Here, we applied a motion based friction cancellation method to compensate the effect of friction and the stribeck phenomena for stable haptic output. The control diagram of such haptic output system is shown in Fig. 10.

Various friction models have been proposed by researchers [10]. A basic friction model was employed in this study. The friction model is written as

$$\begin{aligned} {{F}_{ss}}=({{F}_{c}}+({{F}_{s}}-{{F}_{c}}){{e}^{-(v/v_s)^2}})sgn (v), \end{aligned}$$
(5)

where \(F_{ss}\) is the steady state friction, \(F_c\) is the Coulomb frictional force, \(F_s\) is the stribeck force, \(v_s\) is the relative velocity at stribeck, v and is the relative velocity of two moving components. \(F_c\) and \(F_s\) are dependent on the magnitude of haptic output. They can be written as a function of the desired haptic output \(F_d\), i.e. \({{F}_{c}}={{f}_{c}}({{F}_{d}})\), \({{F}_{s}}={{f}_{s}}({{F}_{d}})\). The functions need to be determined experimentally as different system configuration results in different friction profile.
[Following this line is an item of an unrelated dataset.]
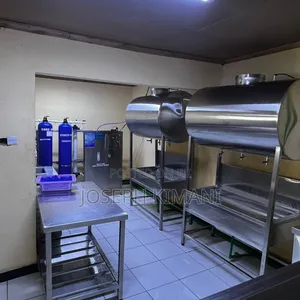 Kimtech Water Treatment Solutions for Commercial and Residential Uses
For the semi-spherical mechanism with rollers presented in this paper, the Coulomb frictional force was taken as

$$\begin{aligned} {{F}_{c}}={{\mu }_{e}}{{F}_{d}}, \end{aligned}$$
(6)

where \({{\mu }_{e}}\)is an equivalent friction coefficient for the system. A second order polynomial function is taken to represent the stribeck force as

$$\begin{aligned} {{F}_{s}}={{a}_{2}}F_{d}^{2}+{{a}_{1}}F_{d}^{{}}+{{a}_{0}} \end{aligned}$$
(7)

Curve fitting was applied on the experiment data (shown in Fig. 8) to identify the parameters in Eqs. (5), (6) and (7). Figure 11 and Table 2 show the surface fitting results and the estimated parameters.

Table 2. Frictional force fitting results with Eq. (5).
Fig. 12.
figure 12

Mean frictional force measured with friction compensation. Vertical bars are the standard deviations at the specific velocity and haptic output. (a) Frictional force for pitch axis. (b) Frictional force for yaw axis.

The motion based cancellation method was tested by the same experiment method described in the beginning of Sect. 3. Figure 12 shows the mean frictional force measured from pitch and yaw axes. Comparing with frictional force shown in Fig. 8 in which has no compensation, the frictional force and the stribeck phenomena have been mitigated significantly. The total volume covered under the surface (Fig. 12) were reduced by 49.46 % and 62.08 % for pitch and yaw axes respectively. The max measured friction is about 1 N whereas it could reach to 2.5 N when there is no compensation. Figure 12 suggests that the motion based cancellation method is able to work well with a wide range of velocity on our designed mechanism, from 0.02 m/s to 0.12 m/s. It is noticed that the standard derivations increase slightly when the velocity is higher. Comprehensive system model and friction model are required to further improve the performance of this motion based cancellation method.

4 Discussion and Conclusion

A design for laparoscopic surgical simulation robot was presented in this work. Design consideration, FEM verification, system modelling, friction identification and compensation were studied. The semi-spherical mechanism with rollers reduces frictional force significantly comparing to the mechanism without rollers. The motion based cancellation method is capable to mitigate the effect of friction well. Although the frictional force has been mitigated significantly, some residual friction forces are still not removed. It is due to the limitation of motion based cancellation method, which needs a velocity input before the friction model can estimate the frictional force for compensation, but the frictional force is already there before velocity is detected. The compensation is therefore always delayed. Advanced friction compensation methods thus need to be explored to further improve the performance.